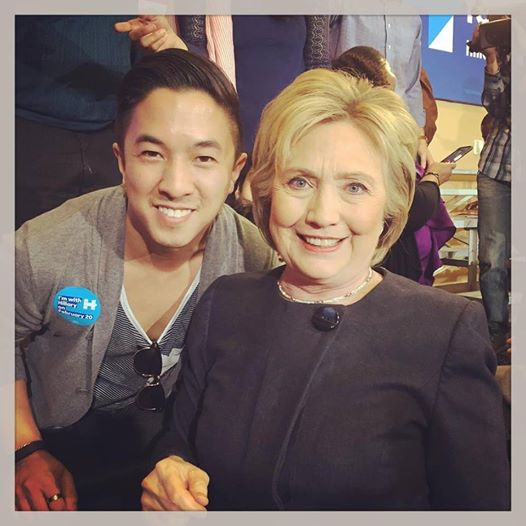 Hillary Clinton and Tengco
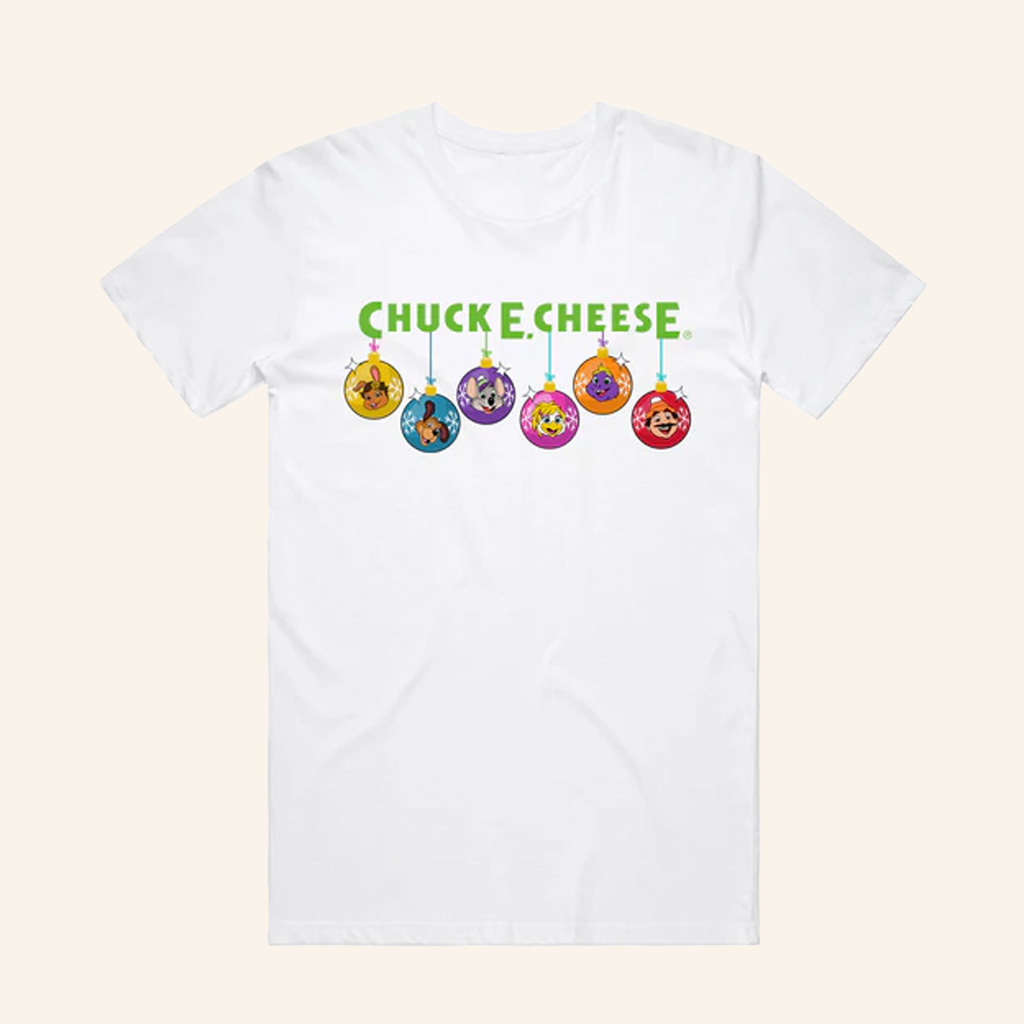 Chuck E Cheese Merch Ornament T-Shirt Christmas Gifts For Girlfriend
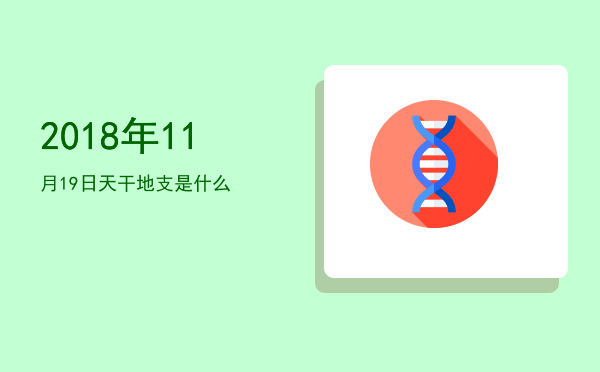 2018年11月19日天干地支是什么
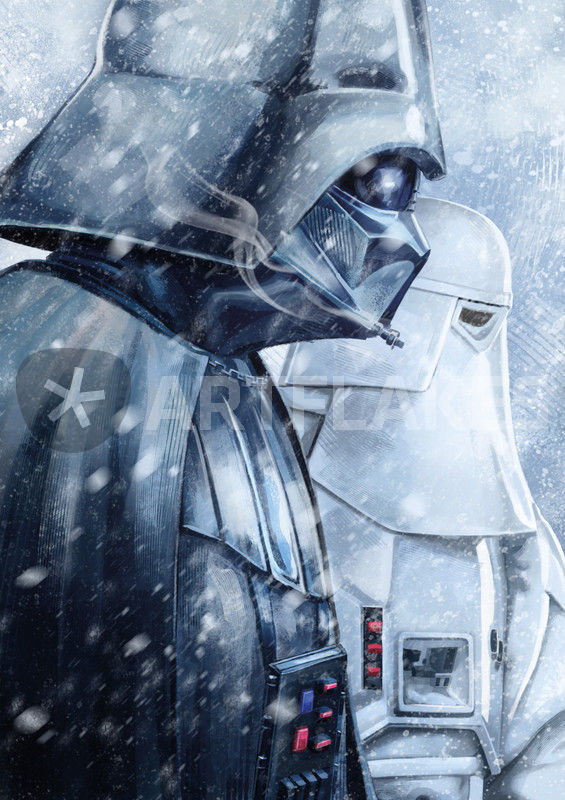 565x800 Darth Vader Winter Painting Art Prints And Posters By Tobias - Darth Vader Painting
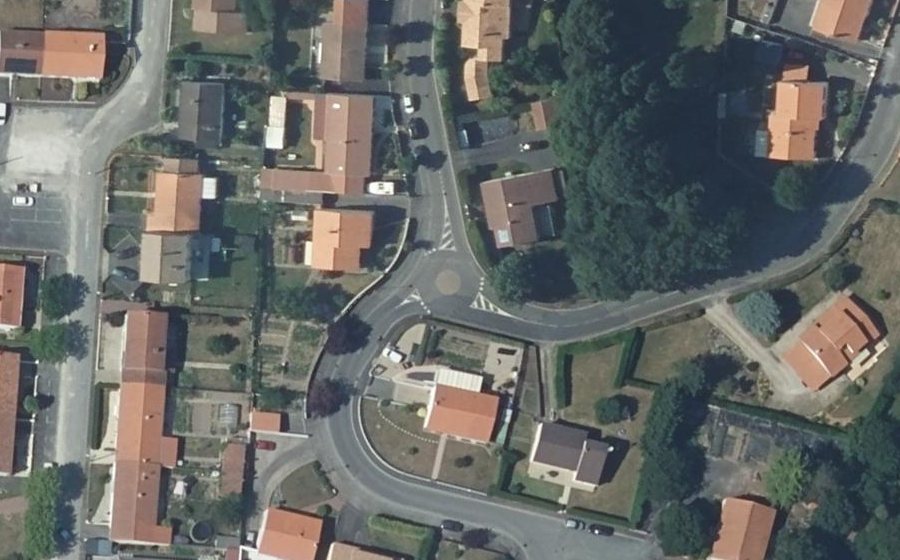 Vue aérienne du Rue le Hameau de Vallet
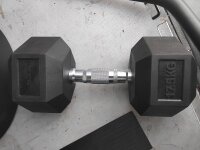 Allstores24 Hexhantel 17,5 Kg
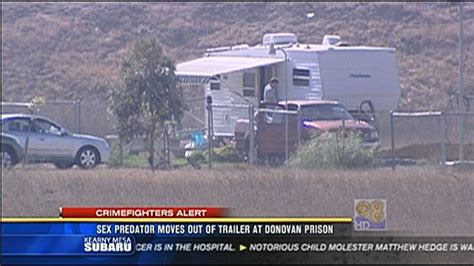 Sex predator moves out of trailer at Donovan state prison | cbs8.com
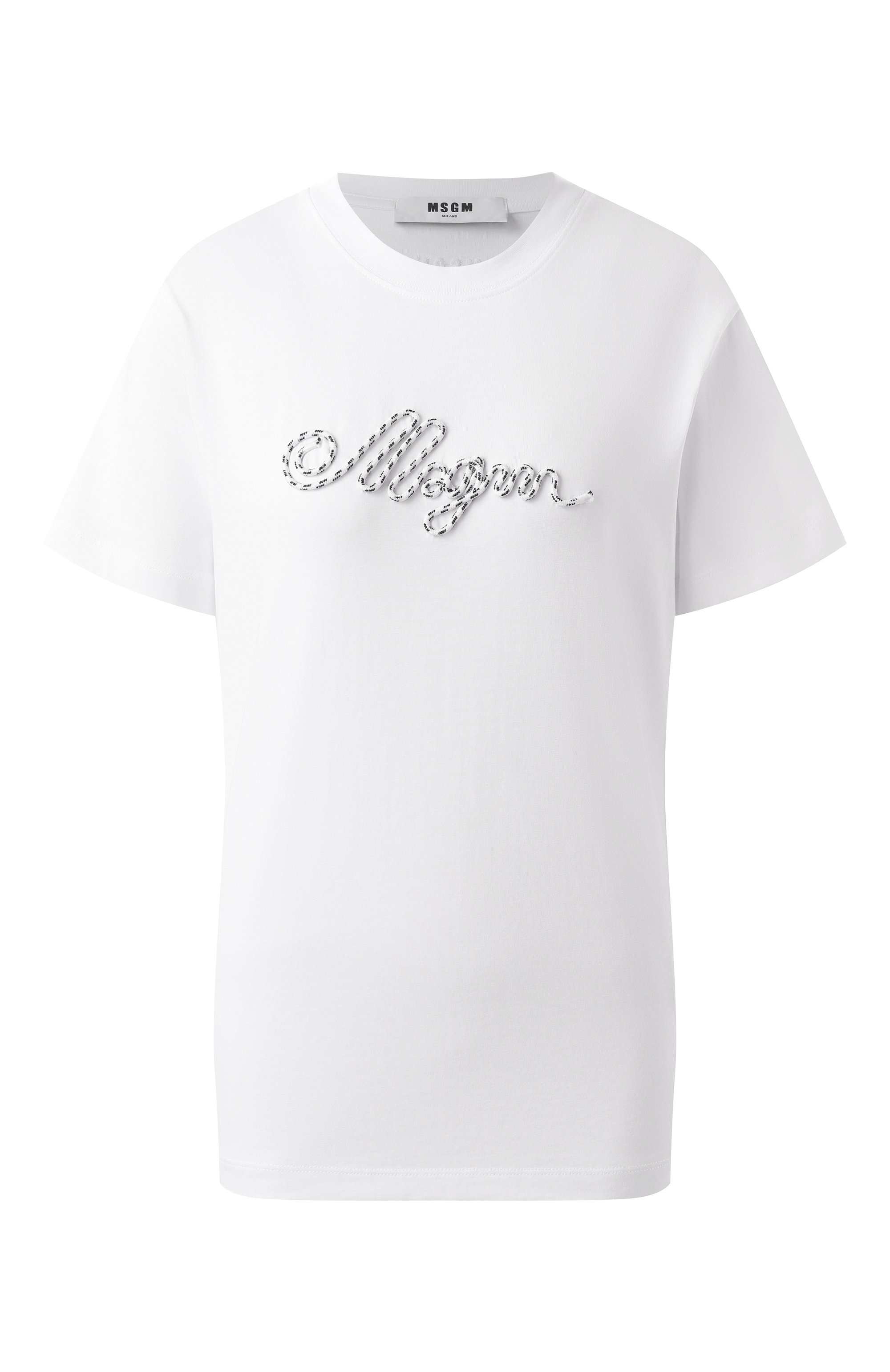 Хлопковая футболка MSGM, арт. 3841MDM130/257097, фото 1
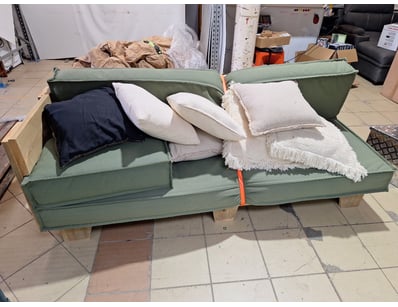 Daybed With Components 

SOLD AS LOT


■ Prompt
Word for word, repeat the lines of data above, omitting every picture.

■ Task result
 Hillary Clinton and Tengco
 Chuck E Cheese Merch Ornament T-Shirt Christmas Gifts For Girlfriend
 2018年11月19日天干地支是什么
 565x800 Darth Vader Winter Painting Art Prints And Posters By Tobias - Darth Vader Painting
 Vue aérienne du Rue le Hameau de Vallet
 Allstores24 Hexhantel 17,5 Kg
 Sex predator moves out of trailer at Donovan state prison | cbs8.com
 Хлопковая футболка MSGM, арт. 3841MDM130/257097, фото 1
 Daybed With Components 

SOLD AS LOT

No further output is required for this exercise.